UAE has since long enjoyed a considerable level of trade surplus, although there was a decline in this since the early 1980's, as wells were beginning to run dry. In the late 1990's the trade surplus averaged at about 30 billion dirhams (about 8 billion US$). In the early 2000's, this had increased to between 35 and 40 billion dirhams.
Higher demand from an increasing population and an expanding agricultural sector has caused a dramatic drop in water tables in the UAE; while much water is produced by desalination plants, there has also been a high increase in wells drilled. This has allowed seawater to encroach on lowlands, and many farms have closed down.
UAE's programmes for food production has largely been a great success, and the federation is now self-sufficient with wheat, nearly self-sufficient with fish. However, as fish are concerned, over-fishing has reached a level where it can have grave effects in the near future.
In order to accommodate foreign investments, free zones like Jabal Ali have permitted extensive rights to foreign investors, like the right to 100% foreign ownership, absence of taxes and duties and full repatriation of profits.
UAE has 6 international airports, located to individual emirates (Abu Dhabi has two), in a few cases ridiculously close. Ajman and Umm al-Qaiwain are without international airports. The busiest among them is Dubai, which served 18 million passengers in 2003, aiming at 30 million by 2010. The federation shares the airline, Emirates Airlines.
Trade is done through free-trade zones, especially Jabal Ali and Port Zayed; yet there is a 5% import tariff for all of the emirates, raised from 4% in 2003.
Tourism has been strongly promoted especially since the mid-1990's, the number of visitors passed 1 million in 1993. It is mainly Dubai benefitting from foreign visitors, seeing 2.5 million in 1999. In December 1999 opened the Burj al-Arab, promoted as one of the world's most luxurious hotels and among the tallest.

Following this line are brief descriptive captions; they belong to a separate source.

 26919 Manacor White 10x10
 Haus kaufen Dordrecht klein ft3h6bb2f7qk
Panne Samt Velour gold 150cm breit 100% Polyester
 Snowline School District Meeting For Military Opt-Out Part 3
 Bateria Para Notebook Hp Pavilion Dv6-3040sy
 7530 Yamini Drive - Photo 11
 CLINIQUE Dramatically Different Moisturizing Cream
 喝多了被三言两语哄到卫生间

Dubai has also been promoting the sales of holiday homes, aiming at the wealthiest among foreigners. Four areas of artificial lands have been constructed, three of which are "palms"; Jumeirah, Jebel Ali and Deira. While real estate is expensive on these palms, it cannot be compared to the fourth project, "The World", first called "Globe Archipelago", where islands representing individual states lain out like a world map are sold for between US$15 and 50 million. Although all these projects are off the reach of most visitors, they have strongly helped promote Dubai as the new chic tourist destination.
The Emirati dirham was introduced in 1973, when it replaced the two currencies that were in common use in the emirates, the Bahraini dinar and the Qatar riyal. The official abbreviation is now "AED", changed in 1996 from "Dh". The AED was fixed to the US dollar in 1997, which has caused that the AED has lost its value to other major currencies as the USD has dropped in value (in 1997 1.12 to the ECU, in 2008 1.46 to the Euro).

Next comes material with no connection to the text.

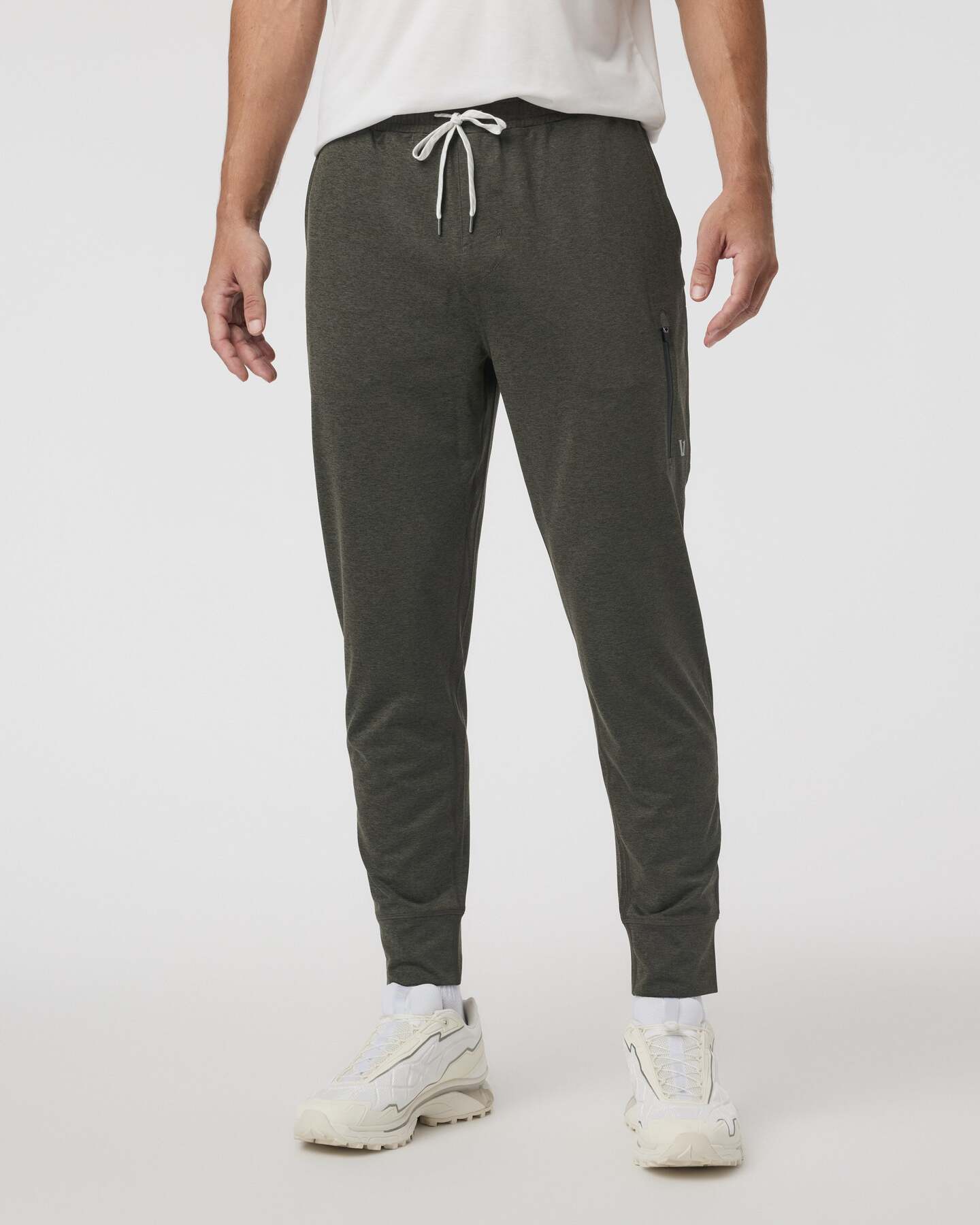 Sunday Performance Jogger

Following the terror attacks on the USA on September 11, 2001, it became known that money transferred from the Citibank branches of UAE had been used to finance the attacks. Large funds on 62 accounts belonging to 27 individuals and organizations were frozen just weeks after. Measures against secret transactions and money laundering were imposed in October; the hawala system was exempted, a system transferring money to countries without a bank system. Hawala is by many believed to have emerged as the main system for transferring money in connection with international terrorism.

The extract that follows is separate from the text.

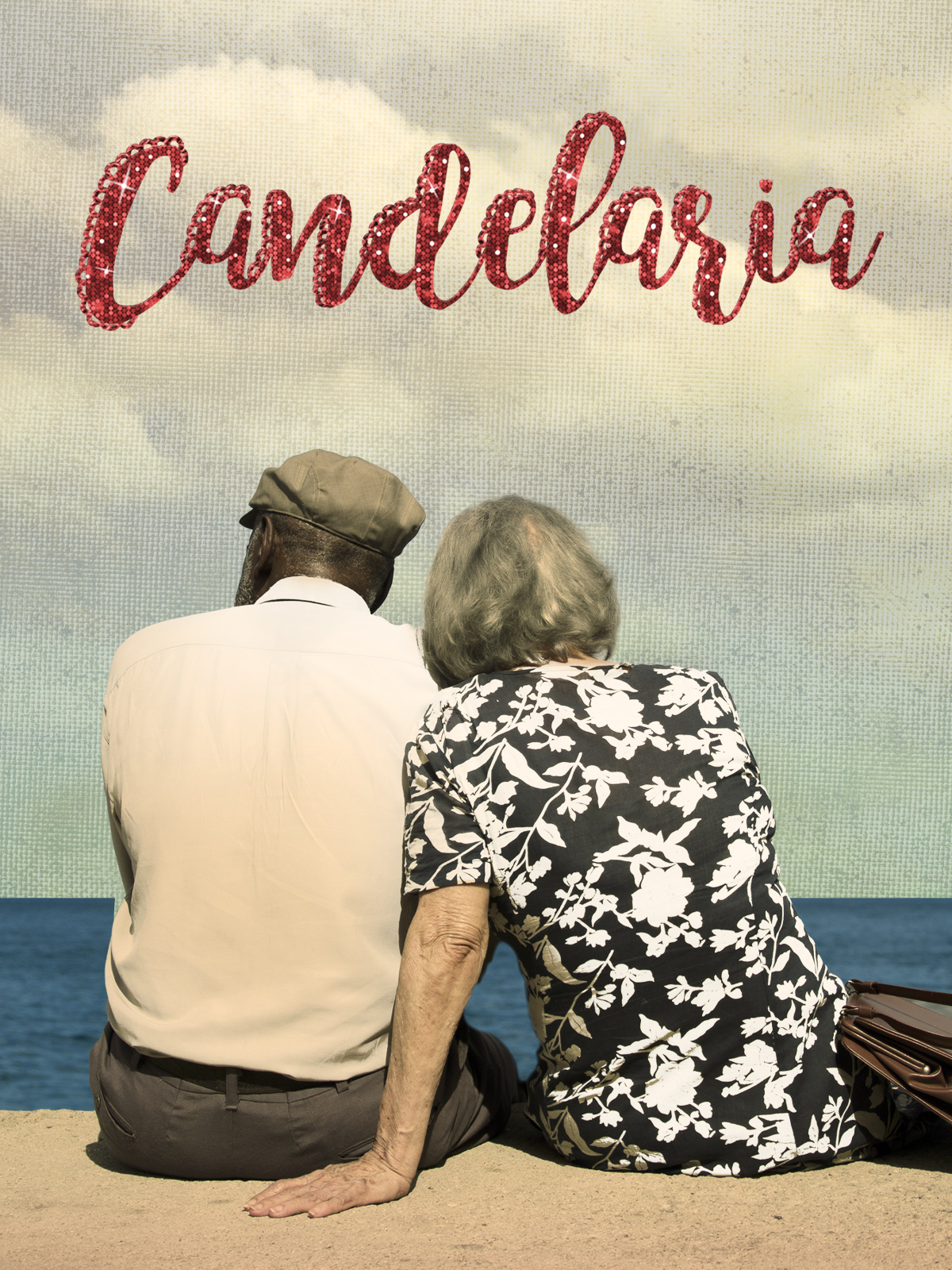 Fuglen filmklubb presents: Candelaria (2017)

With the many young emirates graduating from higher education, a process of taking back the jobs to nationals is encouraged by the government. In particular have very few jobs in the private sector been on the hands of nationals. Banking, insurance and human resources are the sectors that have recently seen a growth in its emiri work force.

Health of currency
The currency of UAE is fixed to the US dollar. As of 2008, interest rates ranged between 2 and 3%.